Matthieu 14, 22-33

« C’est moi, n’ayez pas peur ! »

Origène

Commentaire sur l’évangile de Matthieu, SC 162, p. 297s

          Si un jour, nous sommes aux prises avec des tentations inévitables, souvenons-nous que Jésus nous a obligés à nous embarquer et qu’il veut que nous le précédions sur l’autre rive. Car il est impossible, pour qui n’a pas supporté l’épreuve des vagues et du vent contraire, de parvenir sur ce rivage-là. Aussi, lorsque nous nous verrons entourés par des difficultés multiples et pénibles, fatigués de naviguer au milieu d’elles avec la pauvreté de nos moyens, imaginons que notre barque est alors au milieu de la mer, secouée par les vagues qui voudraient nous voir faire naufrage dans la foi ou en quelque autre vertu. Et si nous voyons le souffle du mauvais s’acharner contre nous, songeons qu’alors le vent nous est contraire.
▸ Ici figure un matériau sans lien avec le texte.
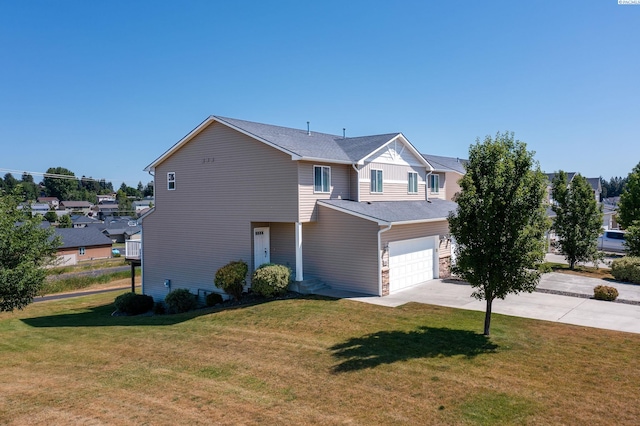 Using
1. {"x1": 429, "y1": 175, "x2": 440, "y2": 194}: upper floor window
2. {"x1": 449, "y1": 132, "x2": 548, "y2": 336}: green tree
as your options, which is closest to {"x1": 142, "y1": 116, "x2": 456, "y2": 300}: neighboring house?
{"x1": 429, "y1": 175, "x2": 440, "y2": 194}: upper floor window

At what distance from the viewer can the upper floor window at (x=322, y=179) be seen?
65.0 ft

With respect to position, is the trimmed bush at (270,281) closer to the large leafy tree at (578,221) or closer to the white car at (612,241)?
the large leafy tree at (578,221)

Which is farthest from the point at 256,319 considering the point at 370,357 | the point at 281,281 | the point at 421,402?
the point at 421,402

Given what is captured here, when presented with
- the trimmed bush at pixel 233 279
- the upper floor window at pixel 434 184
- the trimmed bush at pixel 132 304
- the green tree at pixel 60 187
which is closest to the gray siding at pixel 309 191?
the trimmed bush at pixel 233 279

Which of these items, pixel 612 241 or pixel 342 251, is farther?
pixel 612 241

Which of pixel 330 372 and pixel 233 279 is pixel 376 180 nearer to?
pixel 233 279

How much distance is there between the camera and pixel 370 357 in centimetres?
1069

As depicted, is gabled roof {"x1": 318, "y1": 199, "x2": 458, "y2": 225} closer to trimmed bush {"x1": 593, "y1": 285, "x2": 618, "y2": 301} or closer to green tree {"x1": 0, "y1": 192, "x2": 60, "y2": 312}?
trimmed bush {"x1": 593, "y1": 285, "x2": 618, "y2": 301}

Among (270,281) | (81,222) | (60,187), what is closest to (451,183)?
(270,281)

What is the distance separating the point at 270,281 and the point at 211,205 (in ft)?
21.1

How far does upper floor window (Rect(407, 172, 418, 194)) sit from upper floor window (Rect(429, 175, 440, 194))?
9.90 ft

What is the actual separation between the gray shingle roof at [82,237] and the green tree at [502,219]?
55405mm

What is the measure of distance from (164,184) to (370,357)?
17899 millimetres

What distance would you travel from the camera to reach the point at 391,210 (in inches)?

            Quand donc, au milieu de ces difficultés, nous aurons tenu bon durant les longues heures de la nuit obscure qui règne dans les moments de tentation, quand nous aurons lutté de notre mieux en prenant garde afin d’éviter le naufrage de la foi, soyons sûrs que quand la nuit sera avancée et qu’approchera le jour, le Fils de Dieu viendra près de nous, marchant sur les flots pour nous rendre la mer bienveillante.

            Lorsque nous verrons le Verbe apparaître, nous serons saisis d’effroi jusqu’au moment où nous comprendrons clairement que c’est le Sauveur qui vient à nous. Croyant encore voir un fantôme, remplis de crainte, nous crierons, mais lui nous dira : Ayez confiance, c’est moi, n’ayez pas peur !
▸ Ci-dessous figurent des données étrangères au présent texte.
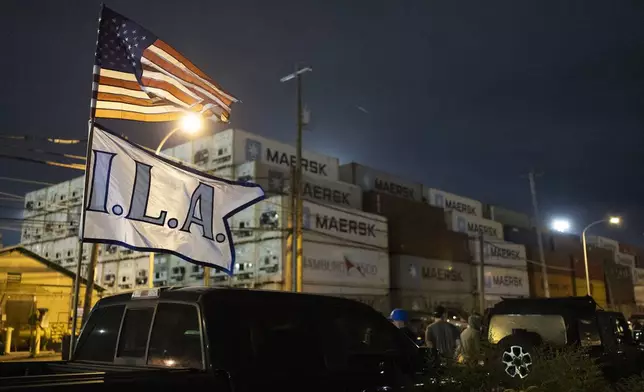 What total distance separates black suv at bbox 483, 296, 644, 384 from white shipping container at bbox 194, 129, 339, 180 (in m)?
18.1

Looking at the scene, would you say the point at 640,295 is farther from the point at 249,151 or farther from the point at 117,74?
the point at 117,74

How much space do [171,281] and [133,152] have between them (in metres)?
22.0

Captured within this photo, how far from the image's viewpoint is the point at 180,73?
8.44 m

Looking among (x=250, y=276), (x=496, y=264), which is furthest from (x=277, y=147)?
(x=496, y=264)

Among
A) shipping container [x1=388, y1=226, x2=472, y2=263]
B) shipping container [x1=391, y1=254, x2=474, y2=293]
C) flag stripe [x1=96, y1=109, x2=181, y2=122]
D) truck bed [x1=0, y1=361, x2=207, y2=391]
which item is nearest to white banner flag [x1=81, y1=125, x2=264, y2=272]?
flag stripe [x1=96, y1=109, x2=181, y2=122]

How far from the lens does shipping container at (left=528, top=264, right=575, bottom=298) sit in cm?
4838

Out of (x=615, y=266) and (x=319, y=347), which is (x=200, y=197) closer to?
(x=319, y=347)

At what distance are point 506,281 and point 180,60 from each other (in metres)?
39.9

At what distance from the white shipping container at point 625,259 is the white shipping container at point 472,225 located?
3148cm

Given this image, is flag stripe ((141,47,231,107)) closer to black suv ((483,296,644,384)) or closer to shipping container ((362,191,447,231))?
black suv ((483,296,644,384))

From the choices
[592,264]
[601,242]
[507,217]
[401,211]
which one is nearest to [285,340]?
[401,211]

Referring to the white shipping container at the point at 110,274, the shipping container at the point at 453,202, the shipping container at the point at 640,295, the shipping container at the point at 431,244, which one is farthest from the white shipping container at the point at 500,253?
the white shipping container at the point at 110,274

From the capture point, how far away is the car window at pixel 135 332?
4203mm

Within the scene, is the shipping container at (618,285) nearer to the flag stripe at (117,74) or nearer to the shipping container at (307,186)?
the shipping container at (307,186) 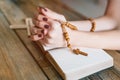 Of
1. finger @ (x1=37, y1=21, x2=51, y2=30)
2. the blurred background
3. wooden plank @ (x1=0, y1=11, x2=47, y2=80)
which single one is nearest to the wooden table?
wooden plank @ (x1=0, y1=11, x2=47, y2=80)

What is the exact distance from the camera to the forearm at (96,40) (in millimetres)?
616

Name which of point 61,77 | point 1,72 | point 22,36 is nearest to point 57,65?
point 61,77

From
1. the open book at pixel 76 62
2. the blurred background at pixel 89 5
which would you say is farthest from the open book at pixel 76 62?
the blurred background at pixel 89 5

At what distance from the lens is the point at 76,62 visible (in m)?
0.55

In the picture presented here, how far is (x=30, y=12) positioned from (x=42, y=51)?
387 millimetres

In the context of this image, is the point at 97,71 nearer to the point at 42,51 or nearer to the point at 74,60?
the point at 74,60

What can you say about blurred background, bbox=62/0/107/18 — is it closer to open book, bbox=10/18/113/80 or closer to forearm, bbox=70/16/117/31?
forearm, bbox=70/16/117/31

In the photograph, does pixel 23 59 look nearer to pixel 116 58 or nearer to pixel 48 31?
pixel 48 31

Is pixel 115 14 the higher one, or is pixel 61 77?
pixel 115 14

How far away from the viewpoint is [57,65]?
0.55m

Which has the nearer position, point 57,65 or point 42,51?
point 57,65

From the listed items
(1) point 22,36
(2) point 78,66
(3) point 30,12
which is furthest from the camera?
(3) point 30,12

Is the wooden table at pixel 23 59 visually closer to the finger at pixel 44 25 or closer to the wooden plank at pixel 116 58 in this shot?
the wooden plank at pixel 116 58

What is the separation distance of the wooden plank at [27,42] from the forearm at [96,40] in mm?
105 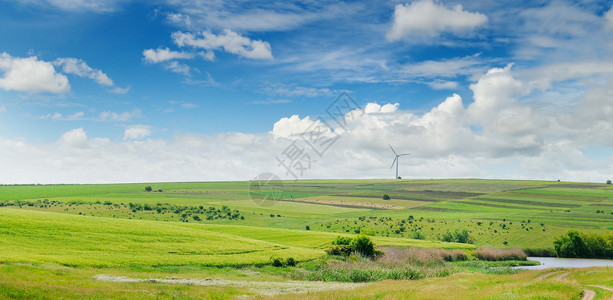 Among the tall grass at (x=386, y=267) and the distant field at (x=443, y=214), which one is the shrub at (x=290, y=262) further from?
the distant field at (x=443, y=214)

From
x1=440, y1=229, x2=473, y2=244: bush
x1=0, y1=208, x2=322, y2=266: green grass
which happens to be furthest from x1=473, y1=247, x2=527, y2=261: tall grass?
x1=0, y1=208, x2=322, y2=266: green grass

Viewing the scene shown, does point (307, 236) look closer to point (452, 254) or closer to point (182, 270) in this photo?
point (452, 254)

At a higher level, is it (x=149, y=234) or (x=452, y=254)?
(x=149, y=234)

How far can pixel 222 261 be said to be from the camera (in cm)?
5953

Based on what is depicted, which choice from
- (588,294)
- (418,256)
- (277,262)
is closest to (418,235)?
(418,256)

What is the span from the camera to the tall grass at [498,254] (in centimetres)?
9200

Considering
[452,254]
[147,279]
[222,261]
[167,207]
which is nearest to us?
[147,279]

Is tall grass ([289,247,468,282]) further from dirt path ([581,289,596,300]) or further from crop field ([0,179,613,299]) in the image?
dirt path ([581,289,596,300])

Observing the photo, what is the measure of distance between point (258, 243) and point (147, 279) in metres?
38.6

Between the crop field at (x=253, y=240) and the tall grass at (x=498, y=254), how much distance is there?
5623mm

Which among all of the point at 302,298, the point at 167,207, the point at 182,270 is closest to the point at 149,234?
the point at 182,270

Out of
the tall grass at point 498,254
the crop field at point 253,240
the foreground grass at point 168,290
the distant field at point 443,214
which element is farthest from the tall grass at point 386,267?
the distant field at point 443,214

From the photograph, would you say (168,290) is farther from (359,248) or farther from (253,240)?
(253,240)

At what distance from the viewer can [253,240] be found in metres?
81.9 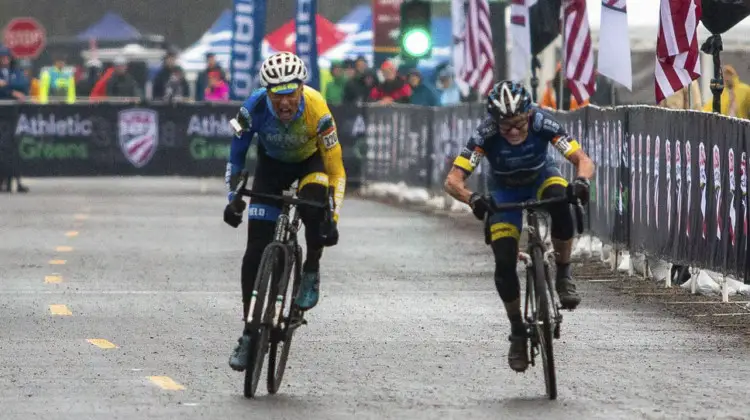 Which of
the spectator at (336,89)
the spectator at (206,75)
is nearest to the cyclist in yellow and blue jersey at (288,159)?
the spectator at (336,89)

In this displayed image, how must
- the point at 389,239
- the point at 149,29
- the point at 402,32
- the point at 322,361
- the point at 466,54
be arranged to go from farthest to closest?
the point at 149,29 < the point at 402,32 < the point at 466,54 < the point at 389,239 < the point at 322,361

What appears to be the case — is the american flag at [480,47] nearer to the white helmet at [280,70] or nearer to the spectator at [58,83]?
the white helmet at [280,70]

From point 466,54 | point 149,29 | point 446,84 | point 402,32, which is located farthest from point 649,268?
point 149,29

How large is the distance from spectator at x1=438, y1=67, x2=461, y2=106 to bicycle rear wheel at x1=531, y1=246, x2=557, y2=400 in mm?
24497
            A ces mots rassurants, peut-être trouvera-t-on parmi nous, animé d’une plus grande ardeur, un Pierre, en marche vers la perfection, sans y être encore parvenu, qui descendra de la barque, sachant qu’il a échappé à l’épreuve qui le secouait. Son désir d’aller au-devant de Jésus le fera tout d’abord marcher sur les eaux, mais sa foi étant encore insuffisante, lui-même encore dans le doute, il remarquera la force du vent, il prendra peur et commencera à s’enfoncer dans les eaux. Pourtant, il échappera à ce malheur, car il appellera Jésus à grands cris : Seigneur, sauve-moi ! A peine, cet autre Pierre aura-t-il fini de pousser ce cri que le Verbe étendra sa main, lui portera secours et le saisira au moment où il commencera à couler, lui reprochant son peu de foi et ses doutes.

            Là-dessus, Jésus et Pierre remonteront dans la barque, le vent se clamera, et les passagers, comprenant à quels dangers ils ont échappé, adoreront Jésus, disant : Vraiment, tu es le Fils de Dieu.